**Work order:**
Reproduce the lines below exactly. Begin with the first, end with the line containing "BMW 5 Series 2018", and leave out the pictures.

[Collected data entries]
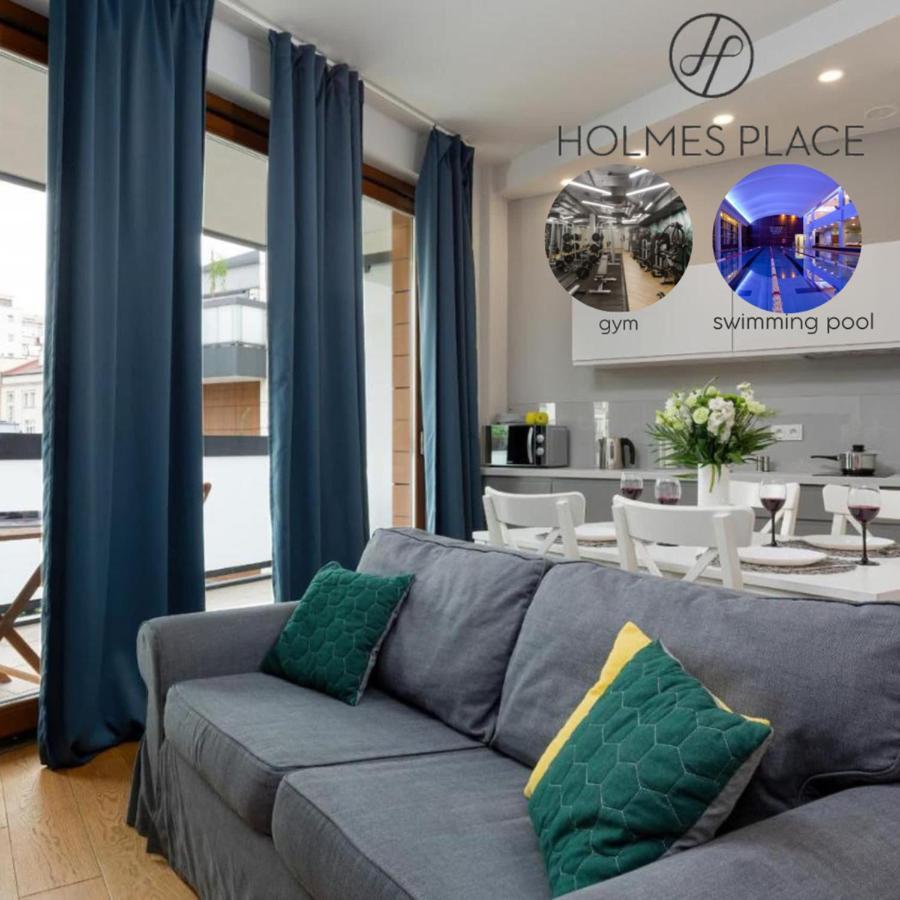 Modern Apartment With Pool Near Golden Terraces Varsavia Esterno foto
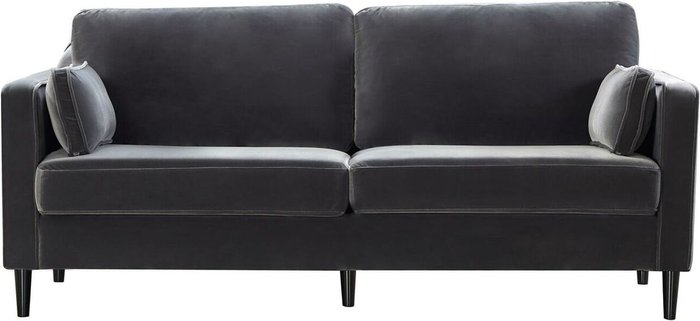 The Range | Timber Art Design UK Snowdonia 3 Seater Cushion Back Sofa - Grey - Grey Timber Art Design UK Snowdonia 3 Seater Cushion Back Sofa - Grey - Grey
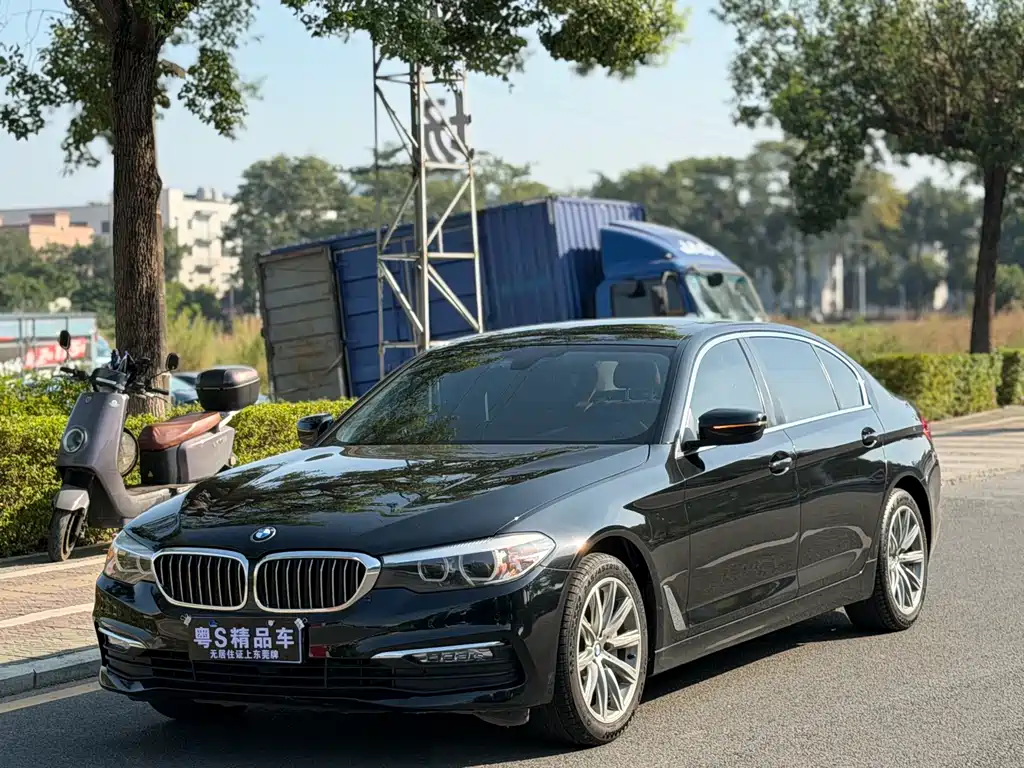 BMW 5 Series 2018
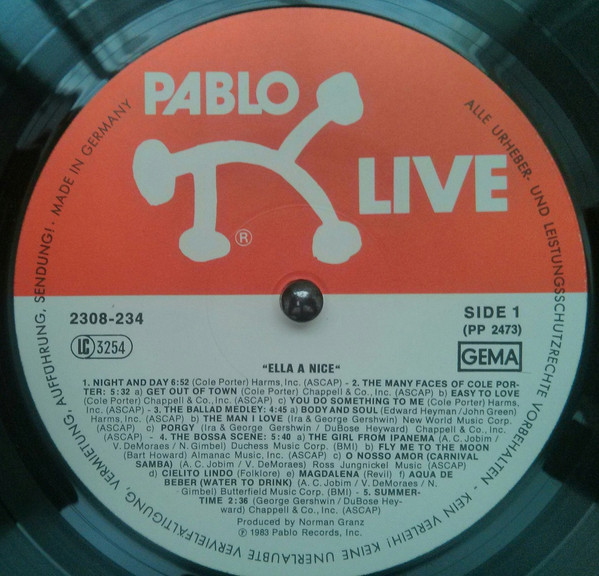 Ella Fitzgerald - Ella À Nice | Pablo Live (2308 234) - 3 Ella Fitzgerald - Ella À Nice | Pablo Live (2308 234) - 3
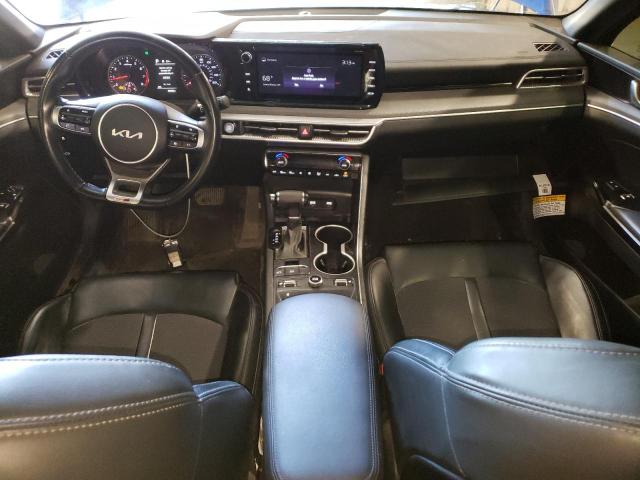 KIA K5 2022 Granatowy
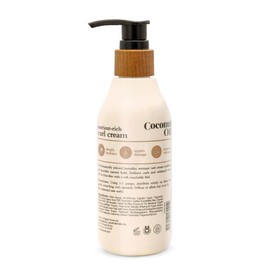 Oliology Coconut Oil Curl Cream 8.5oz defines curls reduces frizz for all hair types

**Task solution:**
 Modern Apartment With Pool Near Golden Terraces Varsavia Esterno foto
 The Range | Timber Art Design UK Snowdonia 3 Seater Cushion Back Sofa - Grey - Grey Timber Art Design UK Snowdonia 3 Seater Cushion Back Sofa - Grey - Grey
 BMW 5 Series 2018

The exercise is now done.